All of these patterns caused Cantor to begin looking at early brain growth, in particular. One theory suggested that pedophiles had issues with their temporal lobe, which controls our most basic survival motivations, or the four F's: "feeding, flight, fighting, and fornicating". Another theory suggested that pedophiles had problems in their frontal lobes, which controls self-control. But Cantor was suspicious of that idea, because he did not think that pedophilia was linked with control. "If you ask any guy on the street how he controls his desire to have sex with children, he'll look at you like you have three heads," he says. "Most men don't have that desire to control."
Cantor's scans have shown that the issue with pedophiles stems rather from the white matter, or the signals connecting different areas of the brain. In pedophiles, it is as if their signals are crossed, he found. While most people see children have protective instincts, pedophiles have sexual instincts instead.

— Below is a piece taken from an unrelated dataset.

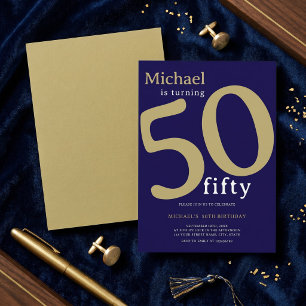 Gold Navy Elegant Moderner Mann 50 Geburtstag  Einladung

Even if those sexual instincts exist, many men live their entire lives wanting to have sex with children, but do not. Some believe that we could become better at controlling pedophilia if the taboo about admitting a desire for children was lifted.
In Germany, for example, there is Prevention Project Dunkelfeld, which, like a suicide hotline, offers counseling for people who struggle with thoughts of child molestation. Canada also has Circles of Support and Accountability, a league of volunteers who help convicted sex offenders rejoin society.
Some Circles exist in the United States as well, but there are not nearly as many as in Canada. A California psychotherapist named Dawn Horowitz-Person, who specializes in treating sex offenders, believes that we can learn to help pedophiles control their behaviors like we do with alcoholics.
The good news, though, is that, if researchers can figure out how the brain's wiring becomes crossed, scientists could figure out ways for mothers to minimize their chances of giving birth to pedophiles. Currently, Cantor and others are examining factors like poor health care, nutrition, and exposure to toxins.
Cantor also says that the best advice for parents to keep children safe against molestation is to be aware that the biggest danger is not strangers, as the rhyme says. Most children are molested by people they know. "Not talking to strangers is a good lesson for children," he said, "but then their guard is down to where the actual danger is."